Extracted data:
——————————

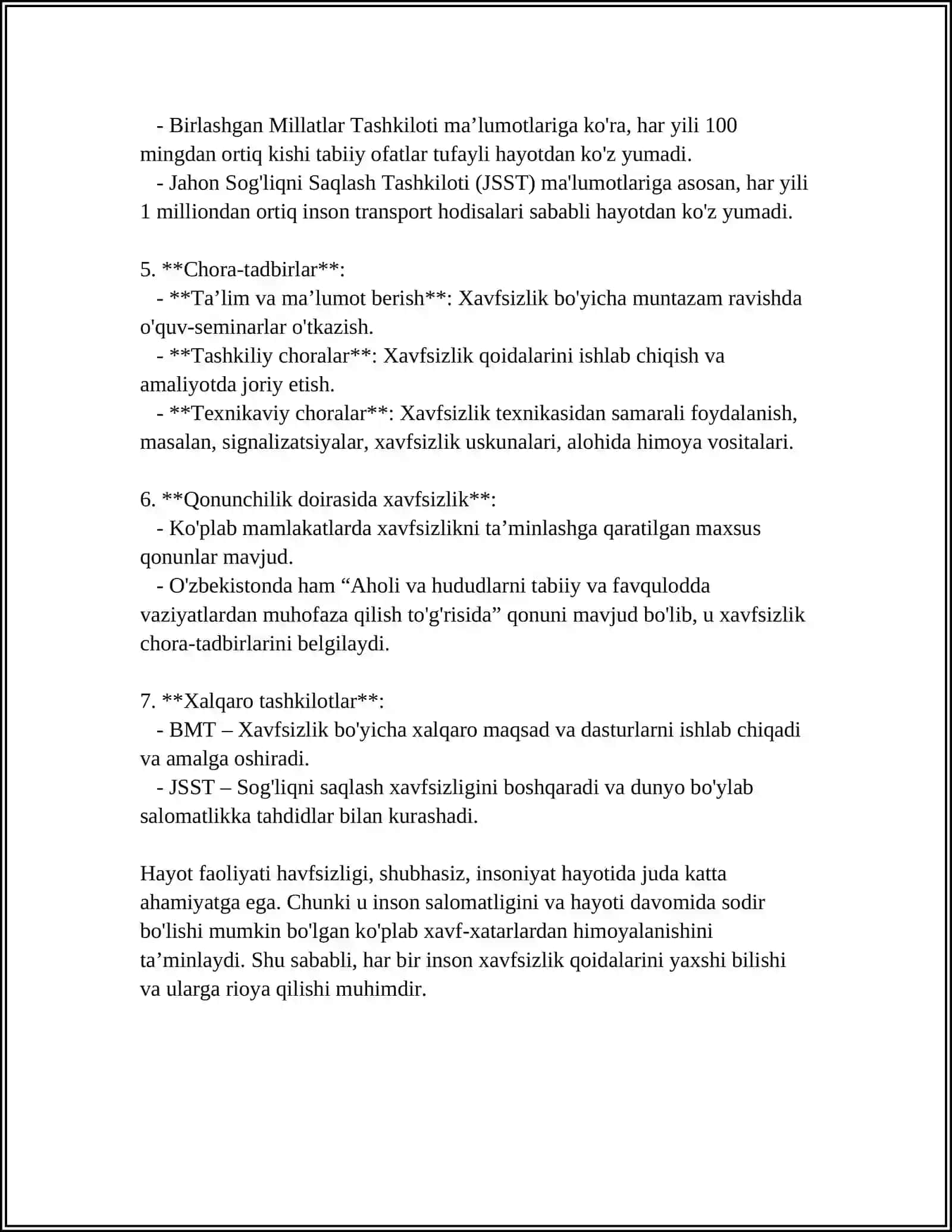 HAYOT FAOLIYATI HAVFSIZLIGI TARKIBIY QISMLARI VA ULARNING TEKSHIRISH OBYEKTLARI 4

——————————

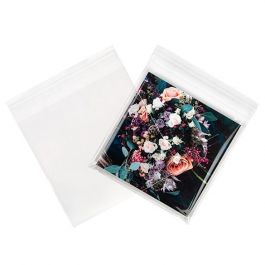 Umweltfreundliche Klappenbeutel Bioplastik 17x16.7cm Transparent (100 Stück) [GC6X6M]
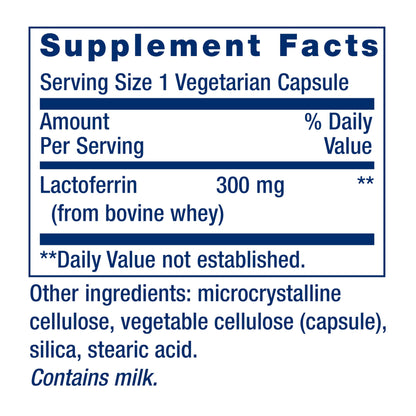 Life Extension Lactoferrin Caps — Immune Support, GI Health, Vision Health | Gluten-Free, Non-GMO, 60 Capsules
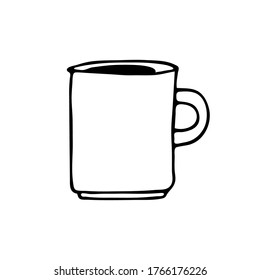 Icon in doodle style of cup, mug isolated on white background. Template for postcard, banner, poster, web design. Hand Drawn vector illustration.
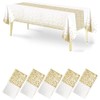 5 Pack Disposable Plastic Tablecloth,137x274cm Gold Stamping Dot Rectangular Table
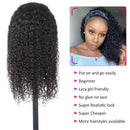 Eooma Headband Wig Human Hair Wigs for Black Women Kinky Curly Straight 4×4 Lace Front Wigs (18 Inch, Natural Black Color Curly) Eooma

——————————

Aim of the task: Looking above, find the stretch of lines that opens with the one holding "Umweltfreundliche Klappenbeutel Bioplastik" and closes with the one holding "Life Extension Lactoferrin". Copy it exactly, pictures excluded.

Answer to this task:
 Umweltfreundliche Klappenbeutel Bioplastik 17x16.7cm Transparent (100 Stück) [GC6X6M]
 Life Extension Lactoferrin Caps — Immune Support, GI Health, Vision Health | Gluten-Free, Non-GMO, 60 Capsules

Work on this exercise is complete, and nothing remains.